--- RECORDS PROVIDED Enclosed Below ---

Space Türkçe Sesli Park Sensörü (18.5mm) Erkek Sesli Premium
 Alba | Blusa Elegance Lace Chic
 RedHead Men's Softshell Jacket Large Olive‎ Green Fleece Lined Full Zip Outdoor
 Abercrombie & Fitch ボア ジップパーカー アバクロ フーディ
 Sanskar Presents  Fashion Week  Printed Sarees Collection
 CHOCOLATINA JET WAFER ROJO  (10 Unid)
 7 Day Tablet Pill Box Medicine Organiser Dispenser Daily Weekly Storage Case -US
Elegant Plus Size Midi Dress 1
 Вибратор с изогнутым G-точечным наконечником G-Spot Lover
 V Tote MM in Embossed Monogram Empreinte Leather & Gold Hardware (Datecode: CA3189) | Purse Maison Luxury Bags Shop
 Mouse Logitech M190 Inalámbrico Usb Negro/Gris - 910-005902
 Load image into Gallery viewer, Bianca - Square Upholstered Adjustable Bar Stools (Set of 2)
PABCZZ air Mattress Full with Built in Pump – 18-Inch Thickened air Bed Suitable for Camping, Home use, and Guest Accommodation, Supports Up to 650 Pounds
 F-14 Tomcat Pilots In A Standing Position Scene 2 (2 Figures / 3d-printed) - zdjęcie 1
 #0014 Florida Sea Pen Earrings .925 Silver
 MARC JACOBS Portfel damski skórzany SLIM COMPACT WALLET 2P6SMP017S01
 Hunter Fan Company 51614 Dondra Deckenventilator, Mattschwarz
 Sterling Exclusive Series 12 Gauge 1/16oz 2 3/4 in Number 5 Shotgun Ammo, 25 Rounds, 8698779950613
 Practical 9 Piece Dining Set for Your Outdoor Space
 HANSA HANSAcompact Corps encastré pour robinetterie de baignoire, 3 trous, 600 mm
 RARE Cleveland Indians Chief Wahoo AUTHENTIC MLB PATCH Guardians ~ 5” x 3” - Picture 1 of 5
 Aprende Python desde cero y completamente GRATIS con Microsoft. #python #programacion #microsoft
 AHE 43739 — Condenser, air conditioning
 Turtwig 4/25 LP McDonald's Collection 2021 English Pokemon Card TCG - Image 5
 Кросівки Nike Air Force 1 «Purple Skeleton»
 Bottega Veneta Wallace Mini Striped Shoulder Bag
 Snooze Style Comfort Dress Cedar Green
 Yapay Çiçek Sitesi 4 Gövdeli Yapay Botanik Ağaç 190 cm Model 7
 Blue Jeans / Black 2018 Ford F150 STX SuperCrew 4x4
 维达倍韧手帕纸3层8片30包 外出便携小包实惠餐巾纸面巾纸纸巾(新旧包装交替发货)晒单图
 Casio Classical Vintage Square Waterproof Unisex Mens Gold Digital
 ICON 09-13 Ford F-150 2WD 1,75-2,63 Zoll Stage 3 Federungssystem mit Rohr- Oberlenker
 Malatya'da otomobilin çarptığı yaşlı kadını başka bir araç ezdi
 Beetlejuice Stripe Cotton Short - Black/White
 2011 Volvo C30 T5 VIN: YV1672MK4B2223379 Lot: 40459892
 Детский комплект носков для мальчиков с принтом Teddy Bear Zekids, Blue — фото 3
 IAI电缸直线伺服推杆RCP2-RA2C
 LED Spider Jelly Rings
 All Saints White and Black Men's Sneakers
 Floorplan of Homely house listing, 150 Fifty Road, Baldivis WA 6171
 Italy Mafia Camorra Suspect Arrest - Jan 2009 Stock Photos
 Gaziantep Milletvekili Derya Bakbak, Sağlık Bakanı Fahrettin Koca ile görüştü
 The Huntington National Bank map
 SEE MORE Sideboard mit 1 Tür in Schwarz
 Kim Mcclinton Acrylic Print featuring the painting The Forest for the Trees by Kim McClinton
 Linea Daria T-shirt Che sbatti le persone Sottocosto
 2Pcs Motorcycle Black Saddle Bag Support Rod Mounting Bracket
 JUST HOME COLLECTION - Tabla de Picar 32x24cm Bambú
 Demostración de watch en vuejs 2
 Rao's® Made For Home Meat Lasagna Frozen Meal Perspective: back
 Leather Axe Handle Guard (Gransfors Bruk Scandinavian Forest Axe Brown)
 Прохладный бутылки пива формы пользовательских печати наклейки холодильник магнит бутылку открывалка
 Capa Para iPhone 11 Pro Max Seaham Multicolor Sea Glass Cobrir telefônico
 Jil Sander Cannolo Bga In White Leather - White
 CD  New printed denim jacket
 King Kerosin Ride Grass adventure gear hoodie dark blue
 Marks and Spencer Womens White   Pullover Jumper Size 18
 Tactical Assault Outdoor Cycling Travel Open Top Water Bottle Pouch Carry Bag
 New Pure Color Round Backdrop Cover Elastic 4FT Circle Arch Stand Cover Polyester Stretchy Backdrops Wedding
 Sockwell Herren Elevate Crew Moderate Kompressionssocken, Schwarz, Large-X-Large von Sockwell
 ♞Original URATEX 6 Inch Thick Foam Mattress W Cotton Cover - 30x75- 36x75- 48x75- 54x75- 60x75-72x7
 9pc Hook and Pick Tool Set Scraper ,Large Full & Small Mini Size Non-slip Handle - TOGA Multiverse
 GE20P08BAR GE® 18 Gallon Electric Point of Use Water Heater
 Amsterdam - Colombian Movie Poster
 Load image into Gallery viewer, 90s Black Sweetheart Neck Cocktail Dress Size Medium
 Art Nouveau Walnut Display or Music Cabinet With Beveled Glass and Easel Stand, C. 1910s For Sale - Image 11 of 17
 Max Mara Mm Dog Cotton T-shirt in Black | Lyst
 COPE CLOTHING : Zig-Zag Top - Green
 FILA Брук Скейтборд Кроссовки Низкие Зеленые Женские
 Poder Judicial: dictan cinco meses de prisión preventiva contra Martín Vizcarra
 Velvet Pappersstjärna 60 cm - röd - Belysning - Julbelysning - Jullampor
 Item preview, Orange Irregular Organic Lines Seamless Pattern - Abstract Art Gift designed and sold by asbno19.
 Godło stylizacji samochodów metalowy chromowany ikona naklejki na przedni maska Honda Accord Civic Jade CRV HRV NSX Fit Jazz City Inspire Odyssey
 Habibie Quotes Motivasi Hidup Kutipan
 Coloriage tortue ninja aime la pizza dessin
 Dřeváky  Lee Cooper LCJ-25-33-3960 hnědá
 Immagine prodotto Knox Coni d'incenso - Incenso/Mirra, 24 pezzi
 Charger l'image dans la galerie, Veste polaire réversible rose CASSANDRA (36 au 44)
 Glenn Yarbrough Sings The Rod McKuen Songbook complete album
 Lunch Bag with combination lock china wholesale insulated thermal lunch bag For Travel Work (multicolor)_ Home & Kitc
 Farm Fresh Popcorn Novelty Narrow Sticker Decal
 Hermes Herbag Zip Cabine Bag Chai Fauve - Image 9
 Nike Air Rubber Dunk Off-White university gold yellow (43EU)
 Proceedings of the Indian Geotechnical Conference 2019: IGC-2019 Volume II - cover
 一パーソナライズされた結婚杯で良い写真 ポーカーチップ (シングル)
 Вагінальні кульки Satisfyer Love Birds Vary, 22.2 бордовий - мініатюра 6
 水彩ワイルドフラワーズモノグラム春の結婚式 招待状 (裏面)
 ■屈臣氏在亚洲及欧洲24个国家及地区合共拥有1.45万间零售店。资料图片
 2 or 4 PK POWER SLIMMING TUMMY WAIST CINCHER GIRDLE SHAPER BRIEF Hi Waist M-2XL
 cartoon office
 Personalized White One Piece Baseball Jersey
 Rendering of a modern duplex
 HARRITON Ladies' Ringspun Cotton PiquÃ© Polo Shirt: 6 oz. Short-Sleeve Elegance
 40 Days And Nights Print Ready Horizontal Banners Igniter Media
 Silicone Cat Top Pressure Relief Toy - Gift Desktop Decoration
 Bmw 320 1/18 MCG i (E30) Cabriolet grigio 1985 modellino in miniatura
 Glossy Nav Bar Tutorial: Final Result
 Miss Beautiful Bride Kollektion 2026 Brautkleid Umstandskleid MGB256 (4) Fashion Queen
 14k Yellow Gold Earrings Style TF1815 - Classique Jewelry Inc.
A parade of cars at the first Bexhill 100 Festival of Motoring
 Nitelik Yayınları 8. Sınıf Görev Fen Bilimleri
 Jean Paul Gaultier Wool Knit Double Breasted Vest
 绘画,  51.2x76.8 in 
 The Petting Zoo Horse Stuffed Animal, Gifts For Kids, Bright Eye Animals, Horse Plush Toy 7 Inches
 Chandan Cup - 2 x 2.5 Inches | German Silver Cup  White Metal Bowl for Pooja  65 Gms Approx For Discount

--- End of Enclosed RECORDS PROVIDED ---

From the records above, quote only the lines running from the line with "Poder Judicial: dictan" to the line with "cartoon office", both lines included.

■ SOLUTION ■
 Poder Judicial: dictan cinco meses de prisión preventiva contra Martín Vizcarra
 Velvet Pappersstjärna 60 cm - röd - Belysning - Julbelysning - Jullampor
 Item preview, Orange Irregular Organic Lines Seamless Pattern - Abstract Art Gift designed and sold by asbno19.
 Godło stylizacji samochodów metalowy chromowany ikona naklejki na przedni maska Honda Accord Civic Jade CRV HRV NSX Fit Jazz City Inspire Odyssey
 Habibie Quotes Motivasi Hidup Kutipan
 Coloriage tortue ninja aime la pizza dessin
 Dřeváky  Lee Cooper LCJ-25-33-3960 hnědá
 Immagine prodotto Knox Coni d'incenso - Incenso/Mirra, 24 pezzi
 Charger l'image dans la galerie, Veste polaire réversible rose CASSANDRA (36 au 44)
 Glenn Yarbrough Sings The Rod McKuen Songbook complete album
 Lunch Bag with combination lock china wholesale insulated thermal lunch bag For Travel Work (multicolor)_ Home & Kitc
 Farm Fresh Popcorn Novelty Narrow Sticker Decal
 Hermes Herbag Zip Cabine Bag Chai Fauve - Image 9
 Nike Air Rubber Dunk Off-White university gold yellow (43EU)
 Proceedings of the Indian Geotechnical Conference 2019: IGC-2019 Volume II - cover
 一パーソナライズされた結婚杯で良い写真 ポーカーチップ (シングル)
 Вагінальні кульки Satisfyer Love Birds Vary, 22.2 бордовий - мініатюра 6
 水彩ワイルドフラワーズモノグラム春の結婚式 招待状 (裏面)
 ■屈臣氏在亚洲及欧洲24个国家及地区合共拥有1.45万间零售店。资料图片
 2 or 4 PK POWER SLIMMING TUMMY WAIST CINCHER GIRDLE SHAPER BRIEF Hi Waist M-2XL
 cartoon office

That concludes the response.